RECORD EXTRACTS –
····················

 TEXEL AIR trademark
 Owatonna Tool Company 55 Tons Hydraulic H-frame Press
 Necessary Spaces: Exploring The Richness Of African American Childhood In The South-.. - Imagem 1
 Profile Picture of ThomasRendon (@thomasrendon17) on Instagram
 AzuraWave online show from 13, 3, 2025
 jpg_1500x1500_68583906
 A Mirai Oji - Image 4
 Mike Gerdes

····················

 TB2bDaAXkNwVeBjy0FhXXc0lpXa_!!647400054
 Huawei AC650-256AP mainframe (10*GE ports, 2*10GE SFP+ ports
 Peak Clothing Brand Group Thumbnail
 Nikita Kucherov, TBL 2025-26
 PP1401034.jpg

····················

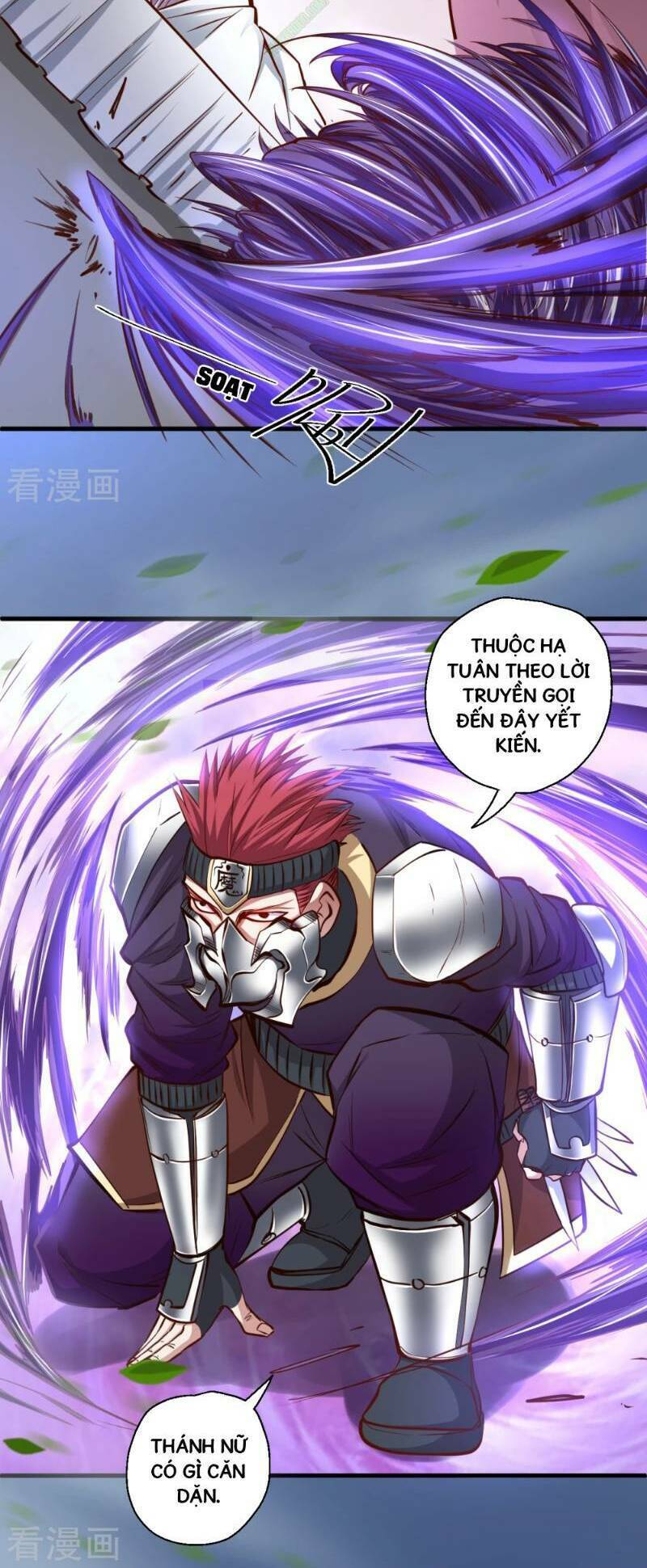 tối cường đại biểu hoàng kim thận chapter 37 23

····················

EXERCISE AIM –
Please, from the material above, copy only the lines from the line with "TEXEL AIR trademark" up to and including the line with "Mike Gerdes", exactly as written.

THE COMPLETED TASK –
 TEXEL AIR trademark
 Owatonna Tool Company 55 Tons Hydraulic H-frame Press
 Necessary Spaces: Exploring The Richness Of African American Childhood In The South-.. - Imagem 1
 Profile Picture of ThomasRendon (@thomasrendon17) on Instagram
 AzuraWave online show from 13, 3, 2025
 jpg_1500x1500_68583906
 A Mirai Oji - Image 4
 Mike Gerdes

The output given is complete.